On 15 May 2011, at 1:22 PM, Stefan Fritsch wrote:
So you implemented it more as a safeguard against confusion with "-
A" strings in existing expressions than as a security measure?
Yes.
Do you think that untrusted shmtl files are not a common use case?
In that case I would tend to the "people can always switch back to
the old restricted expression syntax" solution.
I don't follow what you mean by "untrusted shtml files"?

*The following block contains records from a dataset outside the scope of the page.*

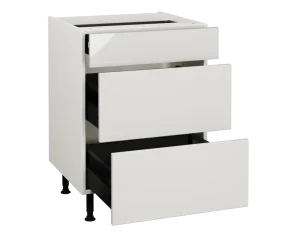 600 3 Drawer Base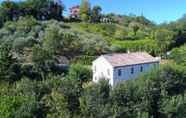 Others 2 Quaint Farmhouse in Barchi With Garden, Bbq, Fireplace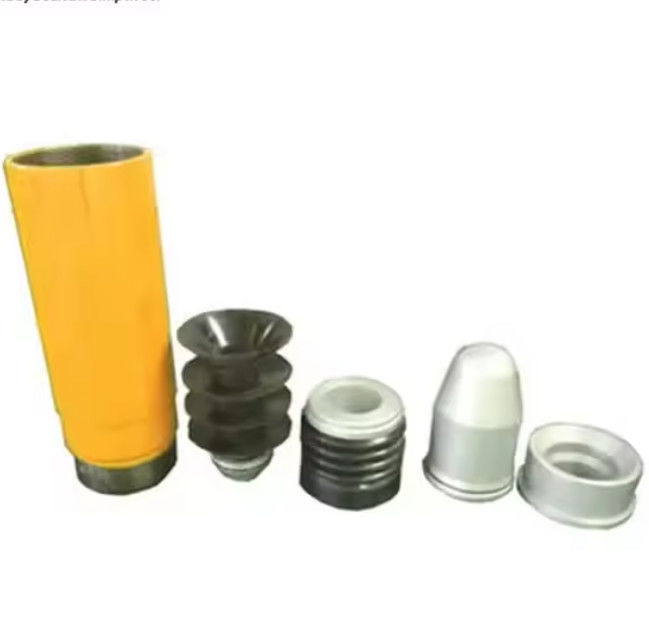 Api 기계 및 수압 N80-1 BTC와 함께 5.69mm 두께 단계 시멘팅 목걸이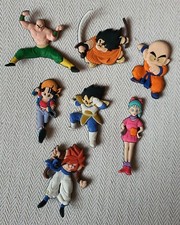Sorprese Merendine 7 Calamite Dragon Ball Primi Anni 2000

What the -A option does is say "if this particular request for this
URL would succeed should this particular user attempt to access this
particular URL directly, then show this data". Or in English, you
would use the -A option within a page to show or hide links to
something in a page depending on whether that person has access to
that link.
For example, to hide the link to JIRA from those that don't have
access to JIRA, do this:
<!--#if expr="-A /jira/"-->
<tr><td><a href="/jira/secure/Dashboard.jspa?os_authType=basic">JIRA</
a></td><td><li></td></tr>
<!--#endif-->
It works the exact same way that mod_autoindex works, which also sets
up subrequests to answer the question "should I display this
particular file in the directory listing". If the subrequest returns
some kind of error (>= 400), the module goes "oh well, access to that
file not permitted, will leave it off the list".